Some display helpers will be used in the training.

In [22]:
##### DISPLAY HELPERS
"""
Helper functions for printing time elapsed and estimated remaining time for
training.
"""
import time
import math

def as_minutes(s):
    m = math.floor(s / 60)
    s -= m * 60

    return '%dm %ds' % (m, s)

def time_since(since, percent):
    now = time.time()
    s = now - since
    es = s / (percent)
    rs = es - s

    return '%s (- %s)' % (as_minutes(s), as_minutes(rs))

In [23]:
# Specify path name
encoder_name = 'encoder_serialized2.pt'
decoder_name = 'decoder_serialized2.pt'

## Load previously trained models
encoder = torch.load(encoder_name)
attention_decoder = torch.load(decoder_name)

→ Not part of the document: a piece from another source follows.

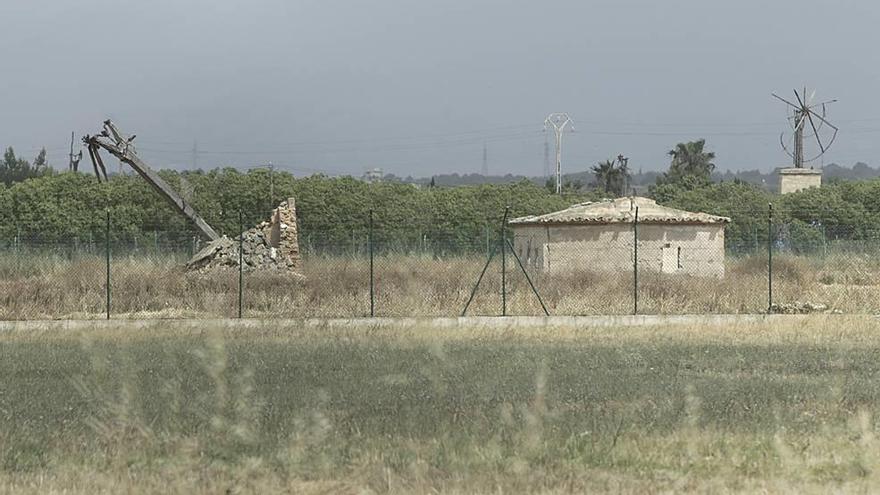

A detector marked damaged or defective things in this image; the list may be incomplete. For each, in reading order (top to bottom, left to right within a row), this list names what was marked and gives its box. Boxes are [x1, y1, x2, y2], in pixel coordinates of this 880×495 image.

rusty metal structure [83, 122, 220, 242]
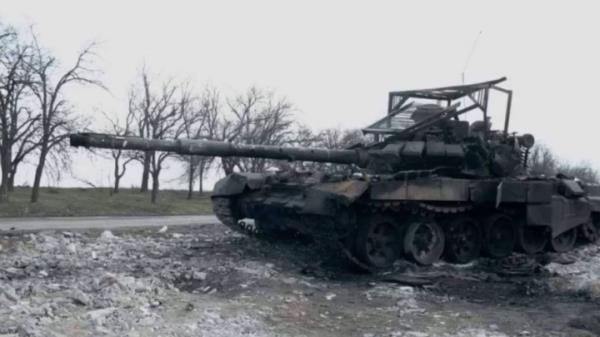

  encoder = torch.load(encoder_name)
  attention_decoder = torch.load(decoder_name)


In [24]:
# Inference helper method
def inference(encoder, decoder, sentence, max_length=MAX_LENGTH):
    """
    Returns the decoded string after doing a forward pass in the seq2seq model.
    """
      
    with torch.no_grad(): # Stop autograd from tracking history on Tensors

        sentence = preprocess_text(sentence) # Preprocess sentence

        input_tensor = tensor_from_sentence(questions, sentence) # One-hot tensor
        input_length = input_tensor.size()[0]

        # Init encoder hidden state
        encoder_hidden = encoder.init_hidden()

        # Init encoder outputs
        encoder_outputs = torch.zeros(max_length, encoder.hidden_size, device=device)

        # Forward pass in the encoder
        for encoder_input in range(input_length):
            encoder_output, encoder_hidden = encoder(input_tensor[encoder_input],
                                                     encoder_hidden)
            encoder_outputs[encoder_input] += encoder_output[0, 0]

        # Start of sentence token
        decoder_input = torch.tensor([[SOS_TOKEN]], device=device)

        # Decoder's initial hidden state is encoder's last hidden state
        decoder_hidden = encoder_hidden

        # Init the results array
        decoded_words = []

        # Forward pass in the decoder
        for d_i in range(max_length):
            decoder_output, decoder_hidden, decoder_attention = decoder(
                    decoder_input, decoder_hidden, encoder_outputs)
            
            _, top_i = decoder_output.data.topk(1) 

            if top_i.item() == EOS_TOKEN: # If EOS is predicted
                break # Break and return the sentence to the user
            else:
                # Append prediction by using index2word
                decoded_words.append(answers.index2word[top_i.item()])

            # Use prediction as input
            decoder_input = top_i.squeeze().detach()

        return ' '.join(decoded_words) # Return the predicted sentence string 

# Domains include bus schedules, apartment search, alarm setting, banking, and event reservation. Each dialog was grounded in a scenario with roles, pairing a person acting as the bot and a person acting as the user

In [25]:
import random
def random_response(message, history):
    user_input = str(message)
    return str(inference(encoder, attention_decoder, user_input))

In [26]:
import gradio as gr
gr.ChatInterface(random_response).launch()

Running on local URL:  http://127.0.0.1:7860

To create a public link, set `share=True` in `launch()`.